I was at sudo last wednesday through meeting time hoping to discuss this issue and get
caught up, and we only had 4 people so we didn't really feel there was consensus to
make broad strokes. I'll be honest - it had been a while and I was really looking
forward to chewing on some of this language. Taking the articles to sacramento with a
week's notice to all n-7 sudoers after so much time going back and forth does not seem
proper. Is there a specific deadline that coincides with a week from now? I will
absolutely take a look at the revised articles this week and submit proposed revisions for
discussion and I encourage everyone who cares about small but significant details to do
the same. I don't agree with the approach taken on timing here, but I am more
interested in registering sudo room's legal status as a nonprofit than making
procedural objections so I join the voices calling for revisions this week if ever. I
also volunteer to be on the board in some role that involves spreadsheets or whatever nuts
and bolts tasks need a person of contact with minimal public component.
hol
Oct 16, 2013 06:22:45 PM, juul(a)labitat.dk wrote:
Hi everysudoer
For those of you who don't already know, sudo room is aiming to incorporate as a
california non-profit, with the long-term goal of reaching 501(c)3 status.
For now, we're working out Articles of
Incorporation. These are based mostly on Noisebridge's Articles of Incorporation:
https://sudoroom.org/wiki/Articles_of_Incorporation
In reading this, it may surprise people to see all of
this talk of a board of directors and hierarchical structures. Most, if not all of this is
required by law ( this law:
http://www.leginfo.ca.gov/cgi-bin/calawquery?codesection=corp
) and we can safely ignore it in the day to day running of our hackerspace. Instead of
trying to explain, I will quote Mitch Altman responding to the question "What is the
management structure [of Noisebridge] like?":
"There isn't any. The official line is that
we're an anarchist collective but the reality is that it's more of a web of trust
model, with the usual elements of feudalism that crystallize out of any anarchic group.

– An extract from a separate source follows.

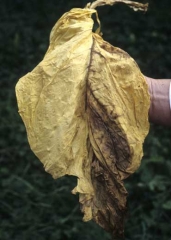 This leaf shows a unilateral browning of lamina which can be compared to that of wilting caused by vascular diseases. <i><b>Verticillium dahliae </b></i>(verticillium wilt)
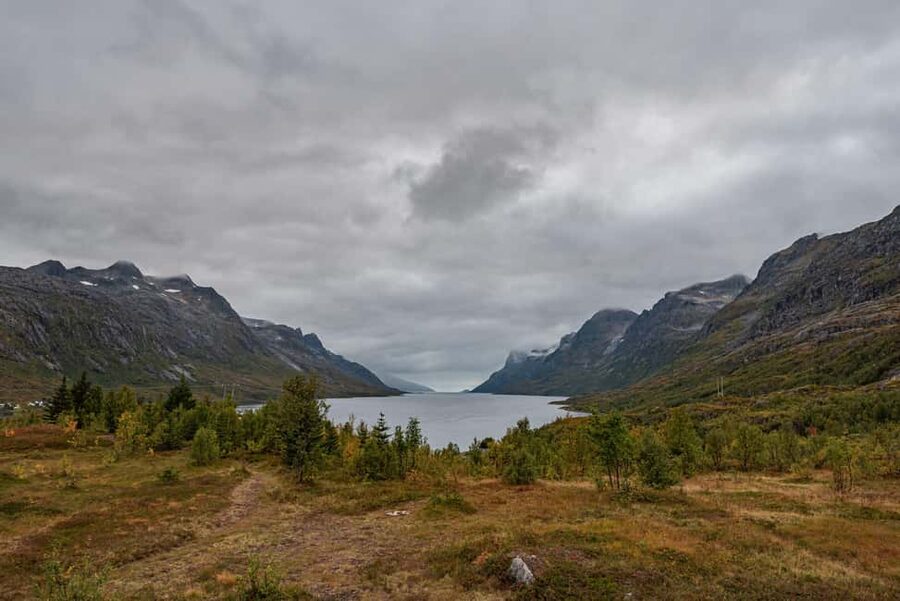 Tromsø: Kvaløya & Sommarøy Guided Tour - Price and value: why $165 can make sense for a half day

There's a board that appoints officers who technically have executive authority with
regards to the space, but the reality is that if any of them actually exercised power
they'd get thrown out. For certain things, like insurance, taxes, and our nonprofit
filings, they have duties but those are invisible to the day-to-day operations."
So, the important thing to remember is that these
Articles of Incorporation allow the members to throw out any director who abuses their
power. We will then go on to define how our day to day space is run outside of the
articles of incorporation (e.g. in our bylaws).
The power of a majority of the members to remove
directors is defined in 7.6.c.2:
https://sudoroom.org/wiki/Articles_of_Incorporation#c._Removal_of_Directors
If we want to tweak the Noisebridge articles of
incorporation at all, I believe that the following are most in need of editing:
* Article 3 - This is about our purpose and values. We can and should more or less
freely change 3.1 and 3.2, but 3.3 should remain unchanged.
* Article 6.1 - A member is proposed for membership
by one existing member. Do we want to change this to two?
* The Articles talk about how the board can fix fees for the members to pay, but we are
almost certainly interested in letting members pay for their membership with work, by
putting in time instead of money. I don't think we can put this into our articles of
incorporation for two reasons:
1. The California Corporations code specifically
says that the board may levy dues, but says nothing about levy'ing anything in place
of dues:
"5351. A corporation may levy dues, assessments or fees upon its
members pursuant to its articles or bylaws, but a member upon
learning of them may avoid liability for them by promptly resigning
from membership, except where the member is, by contract or
otherwise, liable for them. Article or bylaw provisions authorizing
such dues, assessments or fees do not, of themselves, create such
liability."
2. I'm worried that we may count as an employer if we give out membership
in return for work, which may subject us to a whole set of other laws. However, I am not a
lawyer.
Keep it mind that "membership" for the purposes of the articles of
incorporation only refers to the right to vote on things related to the board and articles
of incorporation. So we could fix this by simply defining additional membership in our
bylaws that define the more important things, such as being part of decision-making at our
weekly meetings and 24/7 access to the space, and defining a membership fee in the bylaws
that can be substituted by putting in work. We then simply have the directors set an
official membership fee of 0. The only weirdness with this solution: It would be easier to
become a member in the eyes of the articles of incorporation (requiring only trust of
another member) than it would be to become a member in the eyes of the bylaws.